121+    void read_buffer(std::span<std::byte>& dst);
122+    //! Write a mutable buffer more efficiently than write(), XORing the buffer in-place.
123+    void write_buffer(std::span<std::byte> src);
124 };
125 
126 /** Wrapper around an AutoFile& that implements a ring buffer to
127@@ -614,4 +619,72 @@ public:
128     }
129 };
130 
131+template<typename S>
132+class BufferedReader
133+{
134+    S& m_stream;
135+    std::vector<std::byte> m_buffer;
136+    size_t m_pos; //!< Next m_buffer position to read.
137+public:
138+    BufferedReader(S& stream, size_t size=65536) : m_stream{stream}, m_buffer{size}, m_pos{size} {}
139+    void read(std::span<std::byte> dst)
140+    {
141+        while (!dst.empty()) {
142+            if (m_pos == m_buffer.size()) {
143+                std::span<std::byte> data{m_buffer};
144+                m_stream.read_buffer(data);
145+                m_buffer.resize(data.size()); // shrink on eof
146+                m_pos = 0;
147+            }
148+            if (m_buffer.size() == 0) throw std::ios_base::failure("BufferedReader::read: end of file");
149+            size_t n = std::min(dst.size(), m_buffer.size() - m_pos);
150+            std::copy(m_buffer.begin() + m_pos, m_buffer.begin() + m_pos + n, dst.begin());
151+            m_pos += n;
152+            dst = dst.subspan(n);
153+        }
154+    }
155+
156+    template <typename T>
157+    BufferedReader& operator>>(T&& obj)
158+    {
159+        ::Unserialize(*this, obj);
160+        return *this;
161+    }
162+};
163+
164+template<typename S>
165+class BufferedWriter
166+{
167+    S& m_stream;
168+    std::vector<std::byte> m_buffer;
169+    size_t m_pos; //!< Next m_buffer position to write.
170+public:
171+    BufferedWriter(S& stream, size_t size=65536) : m_stream{stream}, m_buffer{size}, m_pos{0} {}
172+    ~BufferedWriter() { flush(); }
173+
174+    void write(std::span<const std::byte> src)
175+    {
176+        while (!src.empty()) {
177+            size_t n = std::min(src.size(), m_buffer.size() - m_pos);
178+            std::copy(src.begin(), src.begin() + n, m_buffer.begin() + m_pos);
179+            m_pos += n;
180+            if (m_pos == m_buffer.size()) flush();
181+            src = src.subspan(n);
182+        }
183+    }
184+
185+    void flush()
186+    {
187+         m_stream.write_buffer(std::span{m_buffer}.first(m_pos));
188+         m_pos = 0;
189+    }
190+
191+    template <typename T>
192+    BufferedWriter& operator<<(const T& obj)
193+    {
194+        ::Serialize(*this, obj);
195+        return *this;
196+    }
197+};
198+
199 #endif // BITCOIN_STREAMS_H

This is untested but compiles. If it’s workable I think it would be a better direction to go in, both to keep blockstorage code simpler, but also to provide better support for buffered reads and writes in the stream API in case there are other parts of code that could benefit from them.
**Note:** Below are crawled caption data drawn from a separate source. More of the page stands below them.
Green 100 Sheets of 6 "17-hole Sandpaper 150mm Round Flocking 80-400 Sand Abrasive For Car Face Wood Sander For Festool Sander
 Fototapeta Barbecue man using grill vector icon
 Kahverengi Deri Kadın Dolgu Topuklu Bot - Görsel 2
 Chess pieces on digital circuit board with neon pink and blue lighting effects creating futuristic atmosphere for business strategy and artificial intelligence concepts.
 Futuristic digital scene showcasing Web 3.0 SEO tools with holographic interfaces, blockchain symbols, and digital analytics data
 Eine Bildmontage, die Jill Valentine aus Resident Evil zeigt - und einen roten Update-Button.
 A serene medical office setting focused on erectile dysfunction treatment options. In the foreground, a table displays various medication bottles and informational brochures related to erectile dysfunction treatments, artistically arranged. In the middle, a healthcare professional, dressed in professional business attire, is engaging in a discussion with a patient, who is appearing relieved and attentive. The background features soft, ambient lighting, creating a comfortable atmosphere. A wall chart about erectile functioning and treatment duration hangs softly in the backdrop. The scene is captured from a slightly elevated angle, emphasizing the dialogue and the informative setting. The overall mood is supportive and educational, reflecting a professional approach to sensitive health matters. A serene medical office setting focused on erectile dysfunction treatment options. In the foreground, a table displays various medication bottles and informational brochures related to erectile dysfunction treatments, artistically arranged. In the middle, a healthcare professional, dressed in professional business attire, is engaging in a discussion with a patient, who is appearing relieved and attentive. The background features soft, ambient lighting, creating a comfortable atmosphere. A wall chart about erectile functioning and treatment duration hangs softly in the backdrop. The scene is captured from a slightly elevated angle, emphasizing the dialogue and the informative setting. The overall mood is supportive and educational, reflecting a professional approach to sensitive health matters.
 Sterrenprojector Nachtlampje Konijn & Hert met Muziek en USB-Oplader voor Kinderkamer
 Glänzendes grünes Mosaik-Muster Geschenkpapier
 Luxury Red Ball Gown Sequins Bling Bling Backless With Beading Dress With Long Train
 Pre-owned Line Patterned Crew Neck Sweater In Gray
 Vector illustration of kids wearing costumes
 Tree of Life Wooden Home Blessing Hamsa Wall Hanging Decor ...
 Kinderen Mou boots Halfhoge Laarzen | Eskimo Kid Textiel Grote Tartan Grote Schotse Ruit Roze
I am also ok with with current approach and happy to review if there are issues with this or it’s just not the direction we want to go.

l0rinc commented at 9:00 pm on March 24, 2025: contributor

@ryanofsky, thanks again for the review. Your suggestion seems to point back to the initial implementation of this PR, i.e. https://github.com/bitcoin/bitcoin/pull/31539/commits, where we didn’t know the full size of the block, and read and wrote in chunks. This current alternative was explicitly suggested by @theuni - and while it’s a bit messy to always read the size, the resulting code is faster and seem to have fewer moving parts (e.g. read doesn’t mutate the parameter, write doesn’t copy the write buffer, doesn’t loop inside on buffers of different size, etc), it’s why I went this way. Maybe there’s a middle ground by allocating max block size, ignoring the actual size - which would potentially simplify both approaches - would that be better than the current solutions? I’ll investigate tomorrow…

ryanofsky commented at 9:37 pm on March 24, 2025: contributor

@ryanofsky, thanks again for the review. Your suggestion seems to point back to the initial implementation of this PR, i.e. https://github.com/bitcoin/bitcoin/pull/31539/commits

Absolutely yes. There are a few things I would change about that PR but overall it seems a lot cleaner and simpler to me than this PR. If it doesn’t perform as well as this one that is surprising, because I thought the performance improvement here came from buffering, not from choosing buffers with magic sizes. But if you and other reviewers agree the current approach is better than the previous approach implemented in #31539, I guess this is the way to go, and I don’t mind reviewing it as-is.

l0rinc force-pushed on Mar 26, 2025

l0rinc commented at 2:54 pm on March 26, 2025: contributor

@ryanofsky, I’ve experimented with your version, turns out I’m mostly fine with both solutions. https://github.com/bitcoin/bitcoin/compare/2c073b90ae977af1ac01164a894edd978529fdc6..06f37689a3b79f2f65ac95d8ae54a407ed2d4502

I have based this version on the patch you’ve posted - with minor differences.

Removed all introduced undo_size seek backs - except in ReadRawBlock, which already steps back to get access to the size. I have cleaned it up in a separate commit - we don’t need buffering there since we’re not serializing anything there, just reading the whole block directly already.
read_buffer/write_buffer introduces non-trivial Duck Typing (i.e. now users have to know if the want to call void write(std::span<const std::byte> src); or void write_buffer(std::span<std::byte> src);), I don’t particularly like it, but we can live with it.
std::copy can be simplified to std::copy_n
the new AutoFile::write_buffer can now be used in AutoFile::write to reduce duplication
Changed read_buffer to return the size instead of mutating the parameter, this enabled us to avoid resizing the buffer for eof in BufferedReader (the benchmarks caught the slowdown)
Used DataStream as buffers
Added tests for the buffered writers - for the read/write methods and separately for the serialization part

The ReadBlockBench/WriteBlockBench speedups changed slightly from 24%/31% to 19%/24% on Linux/GCC, and from 32%/298% on Mac to 30%/ 194% To see how real performance is affected, I’m rerunning a few full IBDs to measure the performance change after the buffering changes (reindex won’t suffice here).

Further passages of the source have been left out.